Confused about what to do with everything from plastic bags to old computers? This cheat sheet will help you properly recycle Michigan’s most commonly misunderstood materials
By Arianna Endicott
When it comes to recycling, Michiganders have a long way to go.
According to the Michigan Department of Environment, Great Lakes and Energy (EGLE), half of all residents believe that plastic grocery bags can be recycled (they can’t), and more than three quarters are unaware that putting an unwashed container into a recycling bin can contaminate everything else in there.
What’s more, Michigan’s recycling rate is 15% — the lowest in the Great Lakes region. Thankfully, there are efforts underway to change those statistics. In January, Michigan was awarded a $1 million grant to enhance recycling efforts statewide, a program partially funded by EGLE, national nonprofit the Recycling Partnership and the PepsiCo Foundation.

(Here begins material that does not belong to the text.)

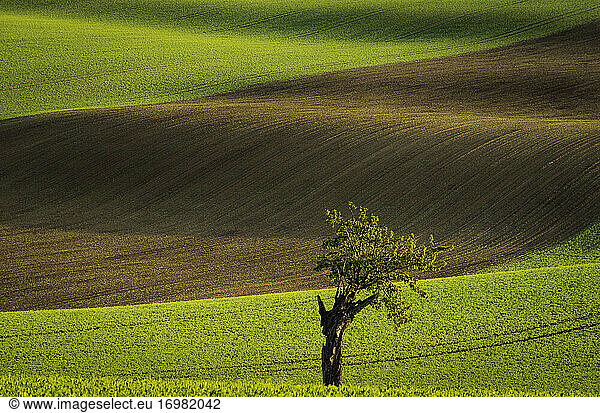 Idyllic view of solitary tree against rolling fields near Kyjov  Hodonin District  South Moravian Region  Moravia  Czech Republic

The initiative aims to double the state’s recycling rate to 30% by 2025, with an ultimate goal of 45%.
In the meantime, you can do your part to help with our handy cheat sheet on how to recycle the most commonly misunderstood materials.
Controversy over single-use plastic bags aside, they don’t belong in your roadside recycling bin. Some stores, like Kohl’s or Kroger, offer bins where shoppers can discard their plastic shopping bags to be recycled. Another option: Reuse the bag as a trash-can liner.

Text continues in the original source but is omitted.